Problem: Starting at the line with "vidaXL Klapptisch Grau", return every line through the final one of the data, word for word. Pictures stay out.

*** Data supplied ***

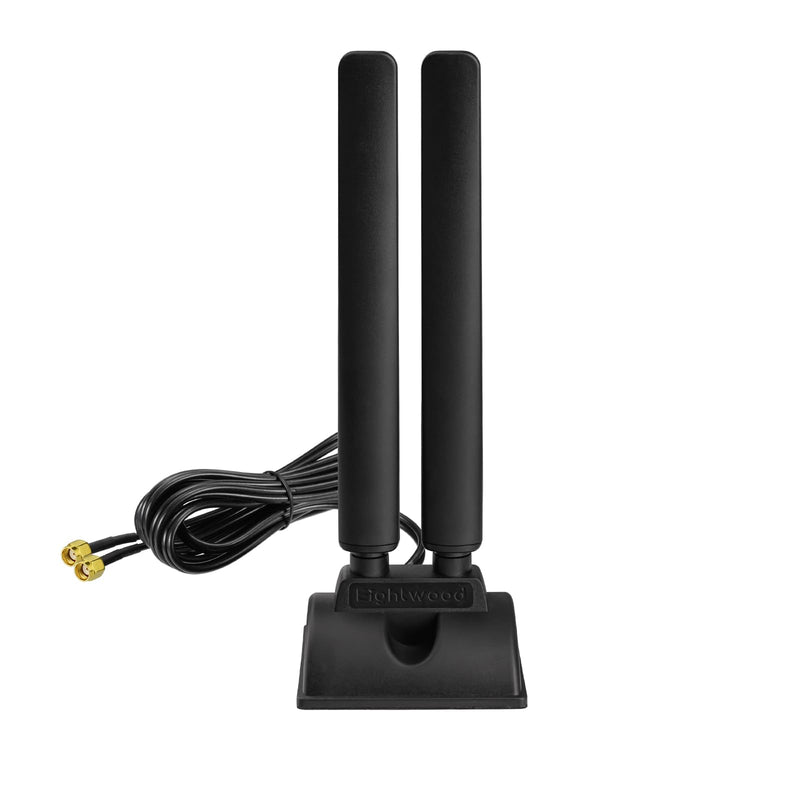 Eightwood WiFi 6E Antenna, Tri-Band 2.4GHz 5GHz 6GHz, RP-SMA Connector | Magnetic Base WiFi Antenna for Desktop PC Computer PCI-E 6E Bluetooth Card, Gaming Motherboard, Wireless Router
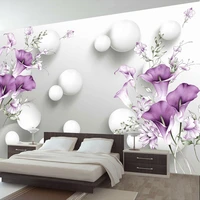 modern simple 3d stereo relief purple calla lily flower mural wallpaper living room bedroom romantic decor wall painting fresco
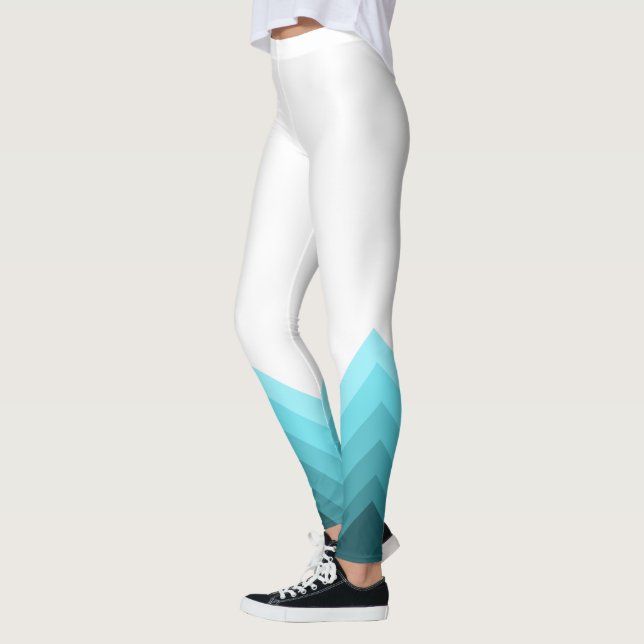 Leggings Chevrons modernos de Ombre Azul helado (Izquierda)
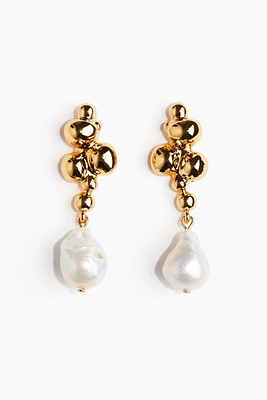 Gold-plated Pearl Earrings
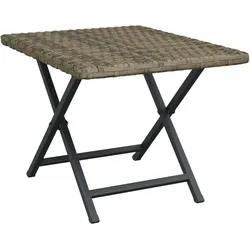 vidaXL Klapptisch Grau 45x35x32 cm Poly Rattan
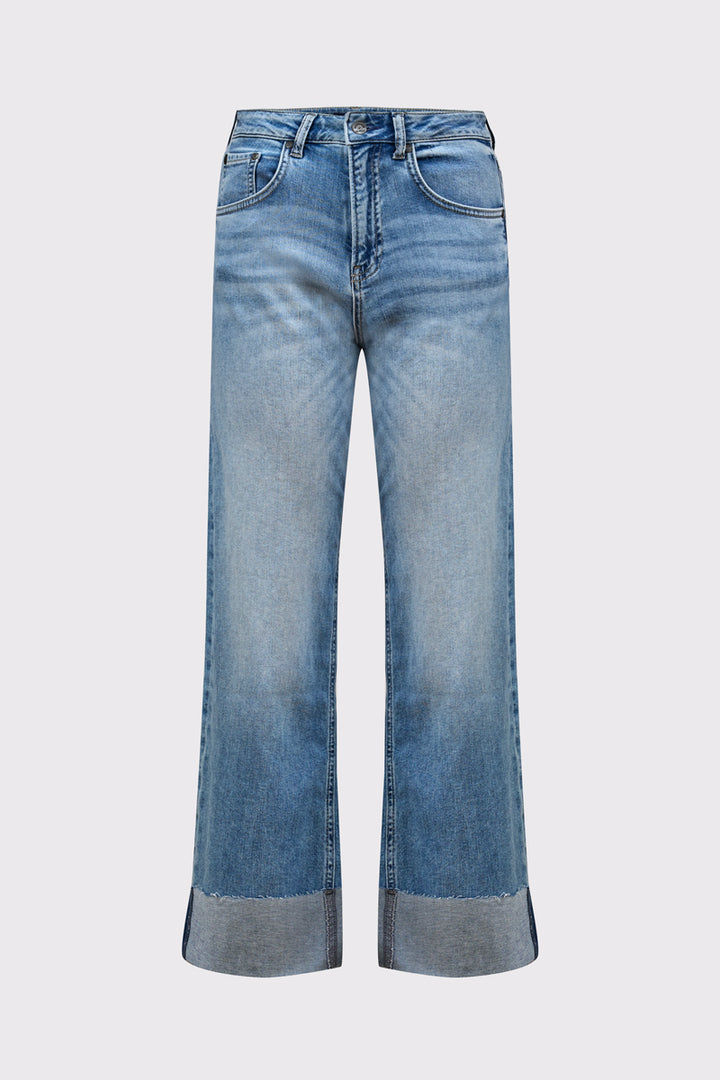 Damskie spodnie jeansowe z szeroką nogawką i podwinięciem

*** End of Data supplied ***

Reply to the exercise:
 vidaXL Klapptisch Grau 45x35x32 cm Poly Rattan
 Damskie spodnie jeansowe z szeroką nogawką i podwinięciem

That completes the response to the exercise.